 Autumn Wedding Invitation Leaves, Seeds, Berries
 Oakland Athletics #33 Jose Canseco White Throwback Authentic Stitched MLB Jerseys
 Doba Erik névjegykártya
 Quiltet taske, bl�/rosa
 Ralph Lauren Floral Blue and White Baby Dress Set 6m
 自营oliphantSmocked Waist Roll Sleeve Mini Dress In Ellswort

□ □ □ □ □

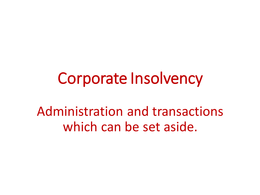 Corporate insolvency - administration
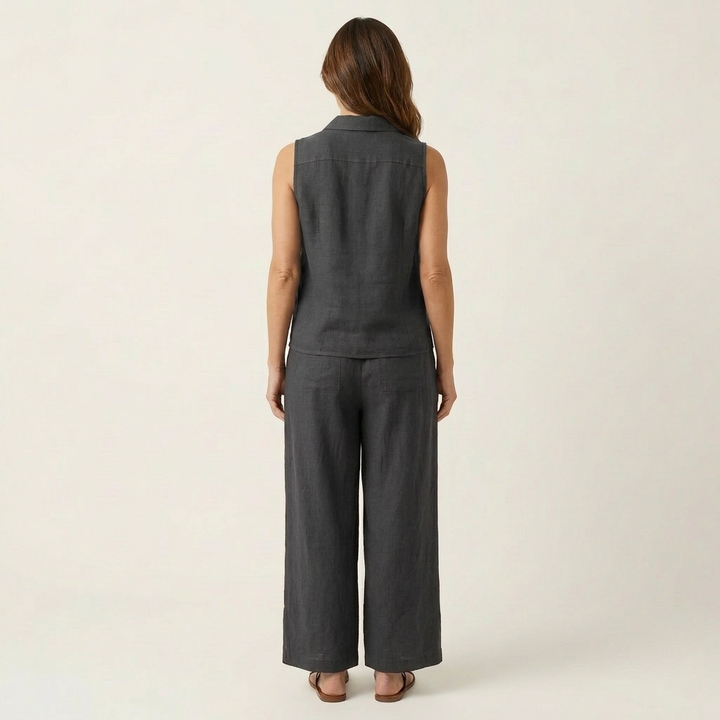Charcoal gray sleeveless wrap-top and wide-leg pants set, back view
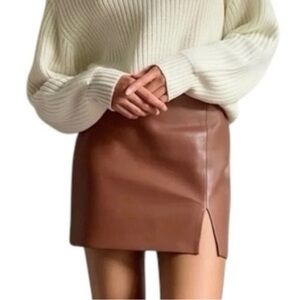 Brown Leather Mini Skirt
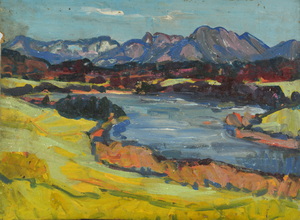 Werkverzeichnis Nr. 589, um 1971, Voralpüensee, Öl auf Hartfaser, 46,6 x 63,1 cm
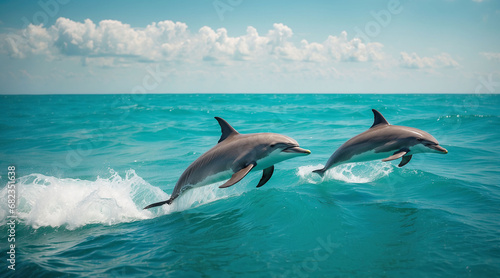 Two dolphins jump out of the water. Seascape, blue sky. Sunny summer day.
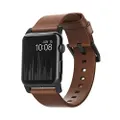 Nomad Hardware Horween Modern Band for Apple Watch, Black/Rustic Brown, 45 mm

□ □ □ □ □

* [ASSIGNMENT]: Copy the lines above exactly, starting at the one with "Brown Leather Mini Skirt" and ending at the one with "Nomad Hardware Horween", both included. Leave out any pictures and add nothing else.

* [TASK OUTPUT]:
 Brown Leather Mini Skirt
 Werkverzeichnis Nr. 589, um 1971, Voralpüensee, Öl auf Hartfaser, 46,6 x 63,1 cm
 Two dolphins jump out of the water. Seascape, blue sky. Sunny summer day.
 Nomad Hardware Horween Modern Band for Apple Watch, Black/Rustic Brown, 45 mm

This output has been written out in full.